● **Web page caption snippets**
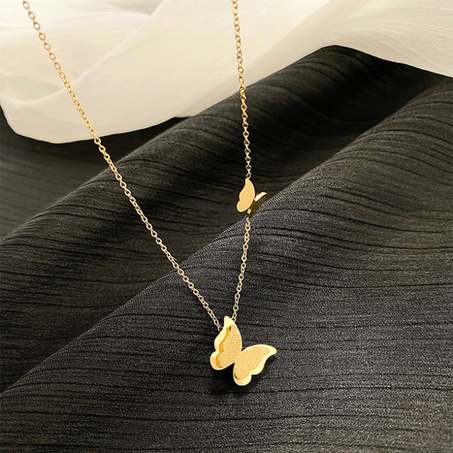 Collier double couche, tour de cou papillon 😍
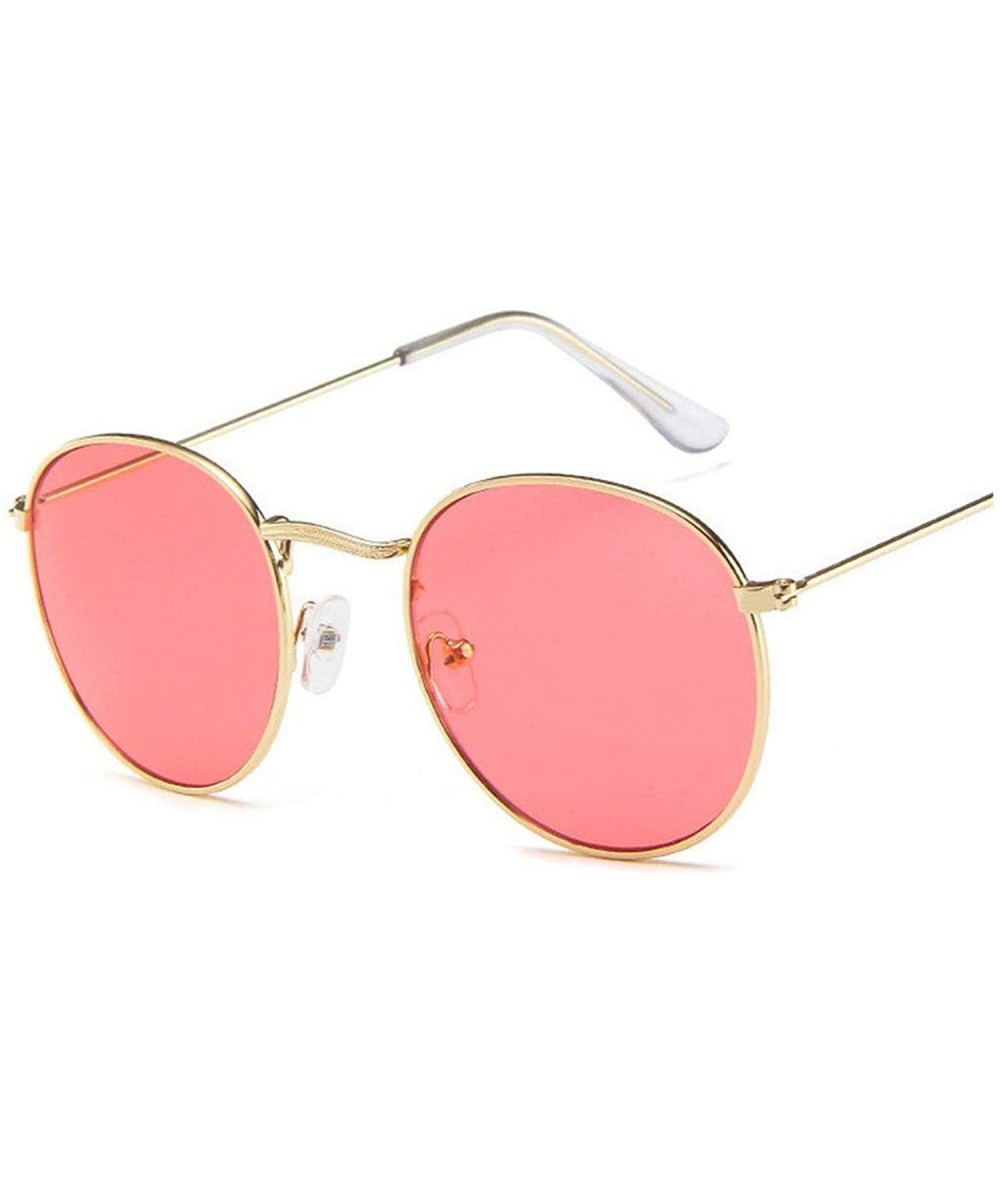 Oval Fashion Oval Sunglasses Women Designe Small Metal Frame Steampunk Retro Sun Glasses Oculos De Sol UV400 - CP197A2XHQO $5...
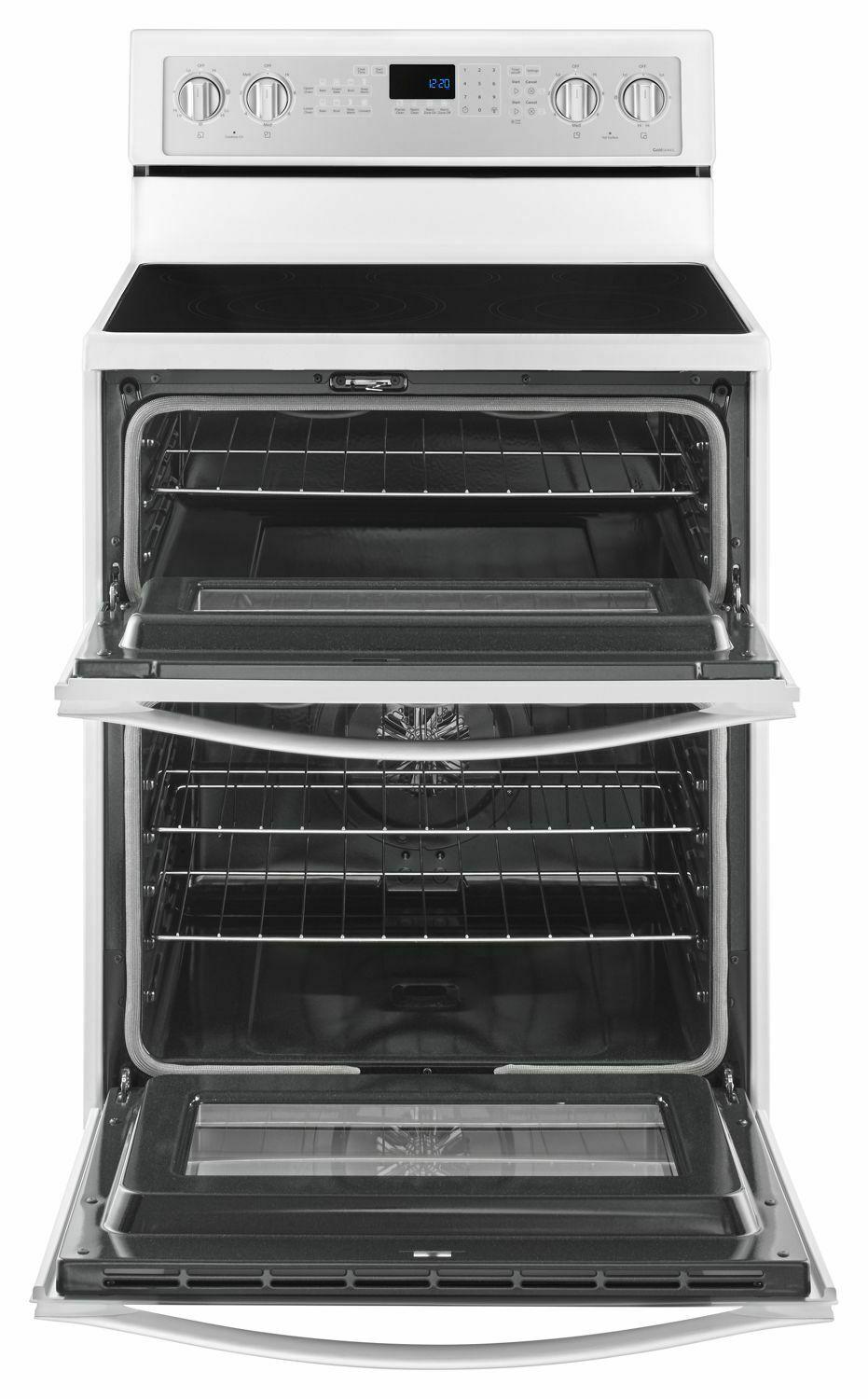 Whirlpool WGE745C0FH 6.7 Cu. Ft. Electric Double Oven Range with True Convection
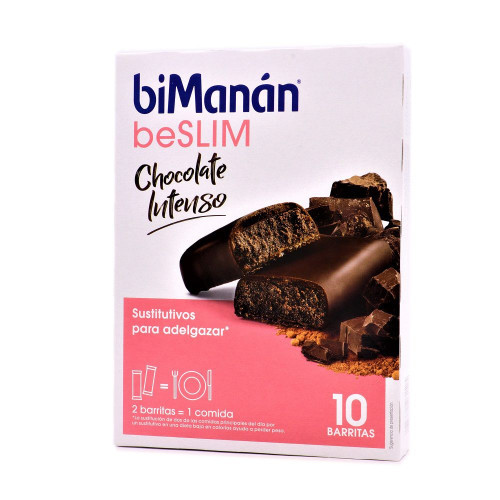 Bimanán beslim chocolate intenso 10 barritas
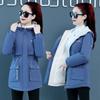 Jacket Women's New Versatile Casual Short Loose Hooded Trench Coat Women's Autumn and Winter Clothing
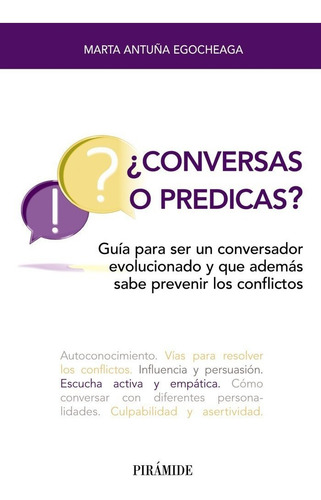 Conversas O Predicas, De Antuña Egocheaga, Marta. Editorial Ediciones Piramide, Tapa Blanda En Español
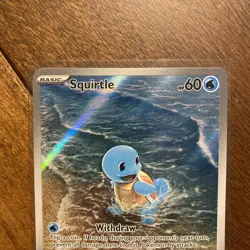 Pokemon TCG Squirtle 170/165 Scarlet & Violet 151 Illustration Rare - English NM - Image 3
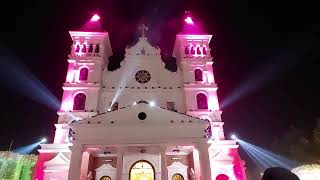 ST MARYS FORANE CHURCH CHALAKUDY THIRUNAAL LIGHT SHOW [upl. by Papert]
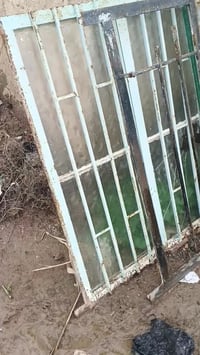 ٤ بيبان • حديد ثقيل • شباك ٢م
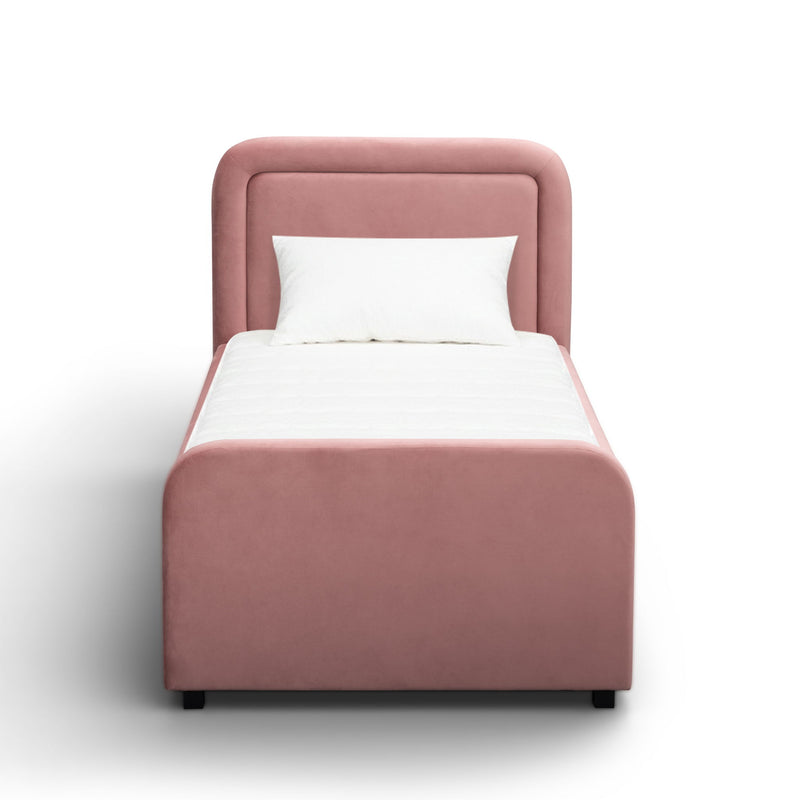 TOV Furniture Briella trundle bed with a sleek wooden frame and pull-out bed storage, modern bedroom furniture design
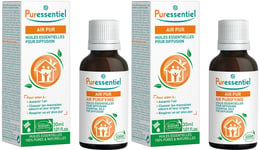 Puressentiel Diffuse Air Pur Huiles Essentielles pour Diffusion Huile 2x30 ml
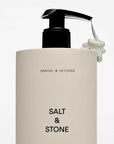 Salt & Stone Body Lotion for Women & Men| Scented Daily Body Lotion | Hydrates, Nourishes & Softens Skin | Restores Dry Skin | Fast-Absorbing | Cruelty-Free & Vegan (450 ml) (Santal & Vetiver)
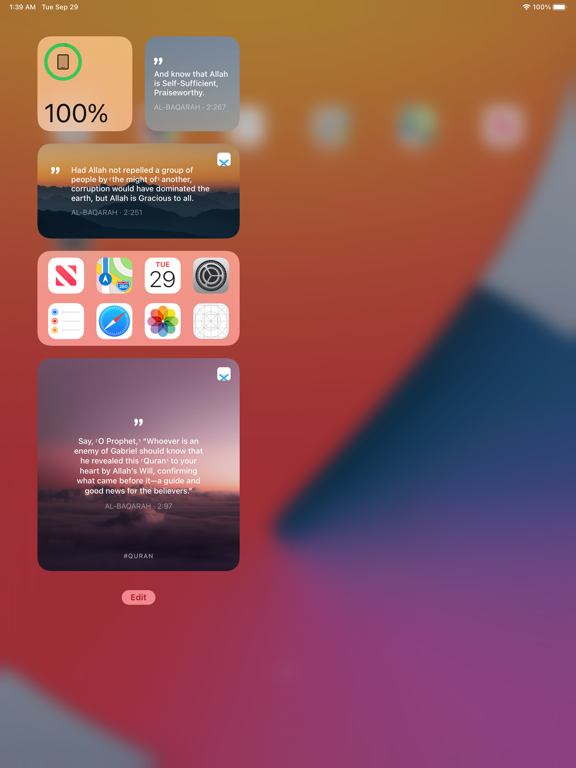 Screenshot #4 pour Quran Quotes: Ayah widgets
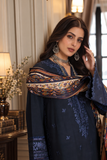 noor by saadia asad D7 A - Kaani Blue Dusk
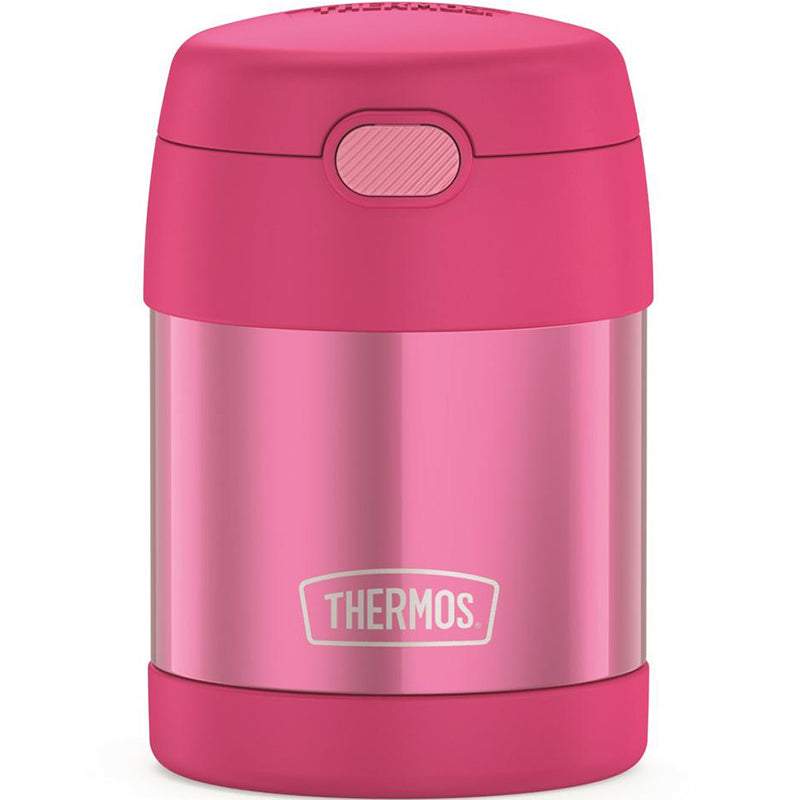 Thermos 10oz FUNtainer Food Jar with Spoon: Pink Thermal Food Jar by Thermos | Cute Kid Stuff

● **Work instruction**
Leaving out the pictures, please output the lines in the entries above from the one with "Jacket Women's New" through the one with "TOV Furniture Briella", exactly as they are.

● **Answer to the problem**
 Jacket Women's New Versatile Casual Short Loose Hooded Trench Coat Women's Autumn and Winter Clothing
 Conversas O Predicas, De Antuña Egocheaga, Marta. Editorial Ediciones Piramide, Tapa Blanda En Español
 Pokemon TCG Squirtle 170/165 Scarlet & Violet 151 Illustration Rare - English NM - Image 3
 ST MARYS FORANE CHURCH CHALAKUDY THIRUNAAL LIGHT SHOW [upl. by Papert]
 ٤ بيبان • حديد ثقيل • شباك ٢م
 TOV Furniture Briella trundle bed with a sleek wooden frame and pull-out bed storage, modern bedroom furniture design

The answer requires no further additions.